Assignment = From the line containing "Brick and Stone" to the end of the data, retype every line exactly and nothing else. Drop the pictures.

==== Records provided

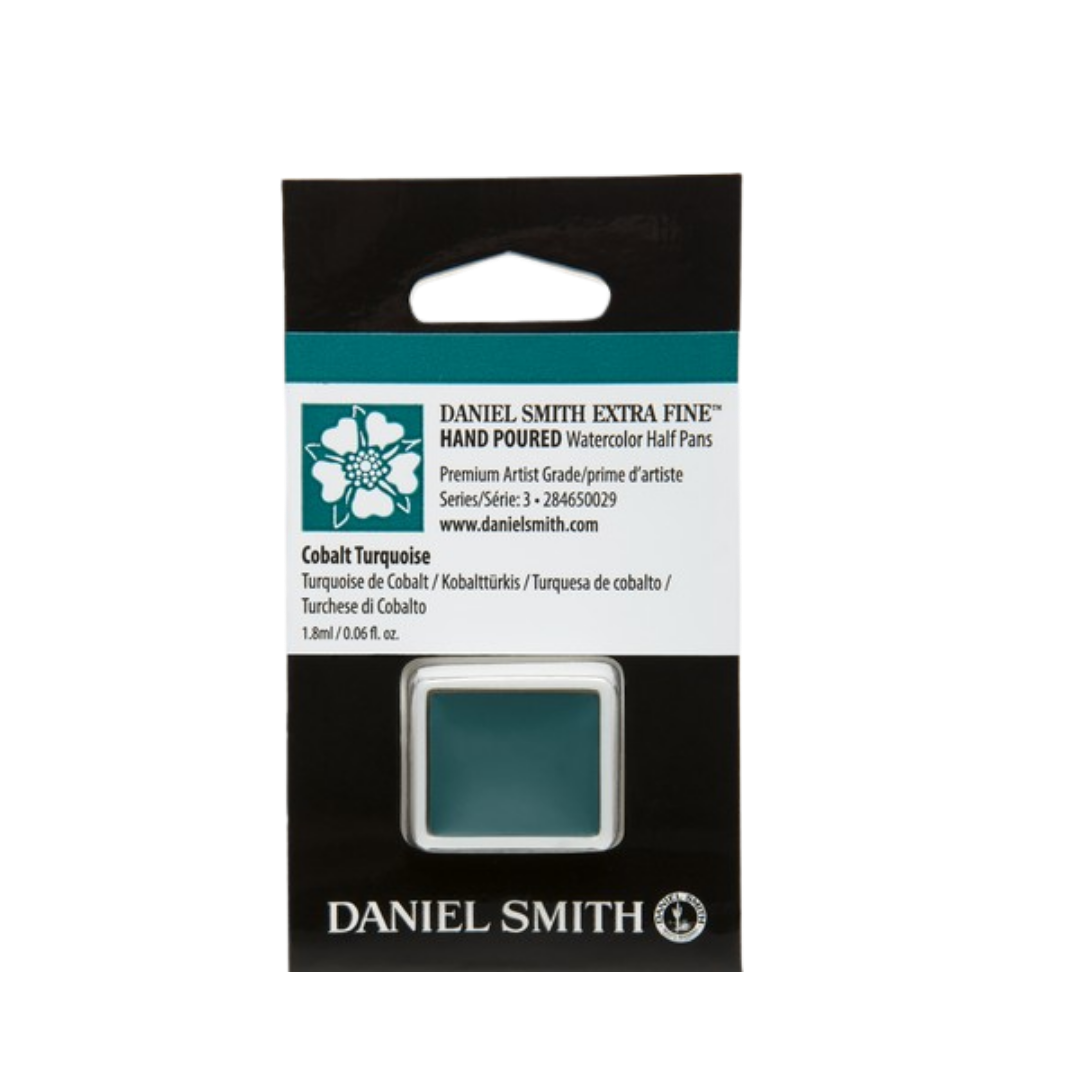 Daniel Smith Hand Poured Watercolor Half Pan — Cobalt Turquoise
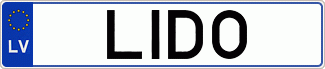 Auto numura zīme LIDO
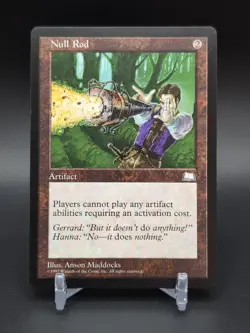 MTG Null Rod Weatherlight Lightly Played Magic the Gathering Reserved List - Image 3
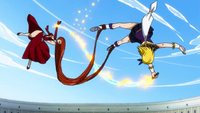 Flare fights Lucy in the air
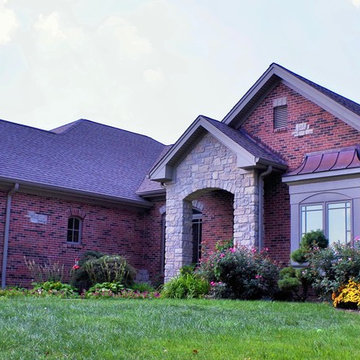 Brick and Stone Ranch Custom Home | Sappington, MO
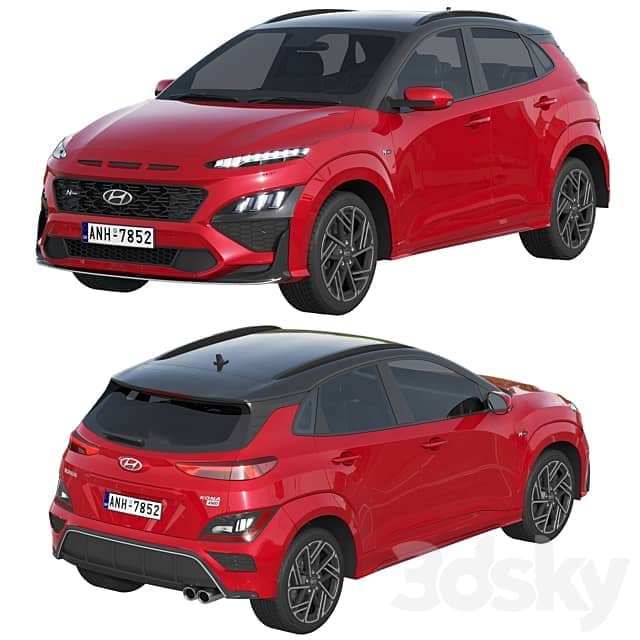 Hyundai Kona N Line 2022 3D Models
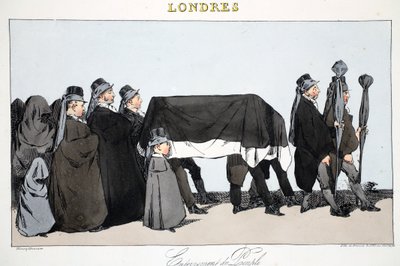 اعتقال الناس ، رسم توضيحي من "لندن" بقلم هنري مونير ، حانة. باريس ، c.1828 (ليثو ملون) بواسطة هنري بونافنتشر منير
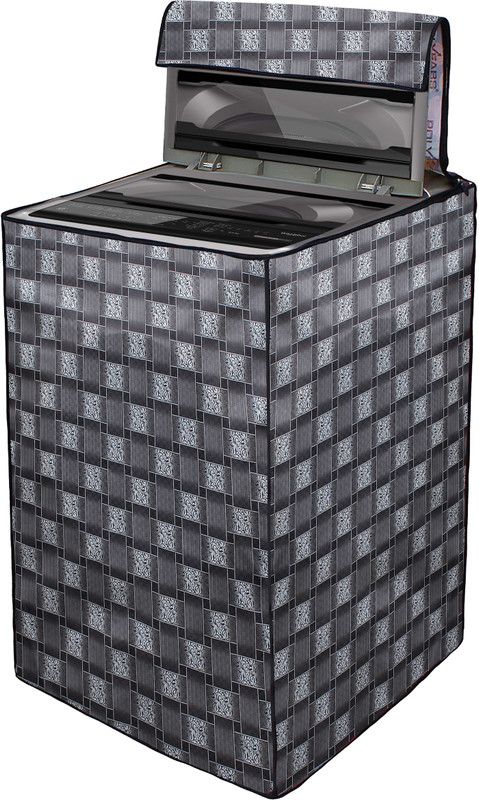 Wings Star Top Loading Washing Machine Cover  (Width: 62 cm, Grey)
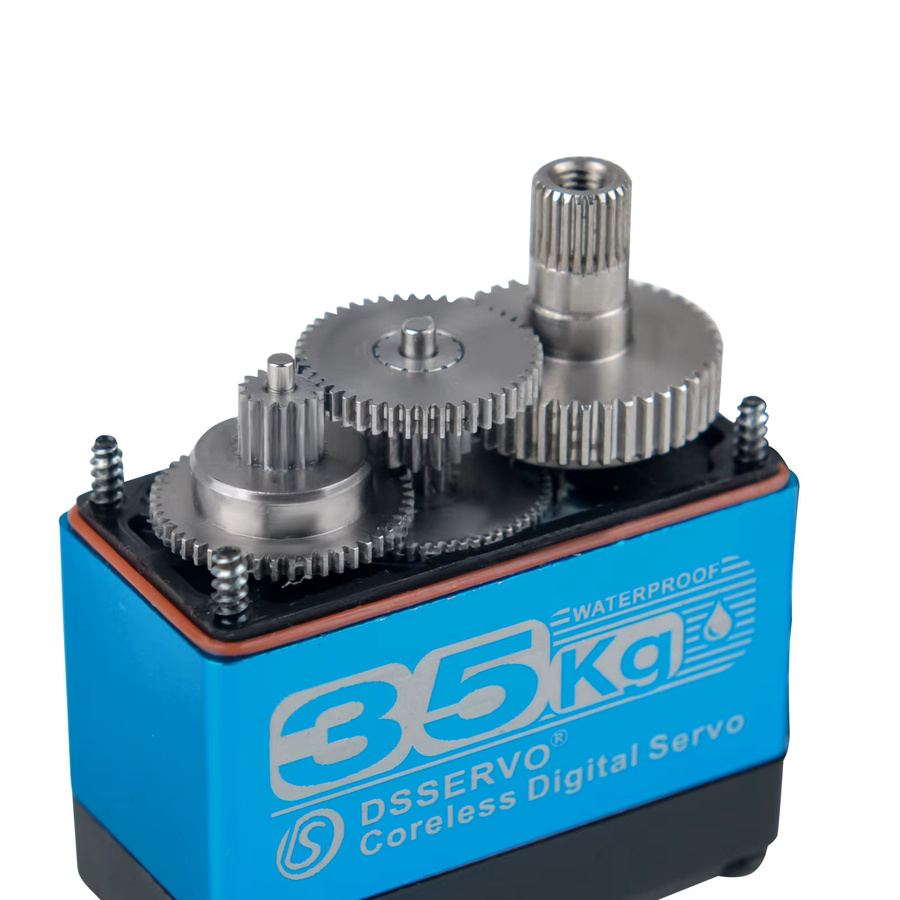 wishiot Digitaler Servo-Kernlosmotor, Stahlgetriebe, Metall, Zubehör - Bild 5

========

Result for this exercise =
 Brick and Stone Ranch Custom Home | Sappington, MO
 Hyundai Kona N Line 2022 3D Models
 اعتقال الناس ، رسم توضيحي من "لندن" بقلم هنري مونير ، حانة. باريس ، c.1828 (ليثو ملون) بواسطة هنري بونافنتشر منير
 Wings Star Top Loading Washing Machine Cover  (Width: 62 cm, Grey)
 wishiot Digitaler Servo-Kernlosmotor, Stahlgetriebe, Metall, Zubehör - Bild 5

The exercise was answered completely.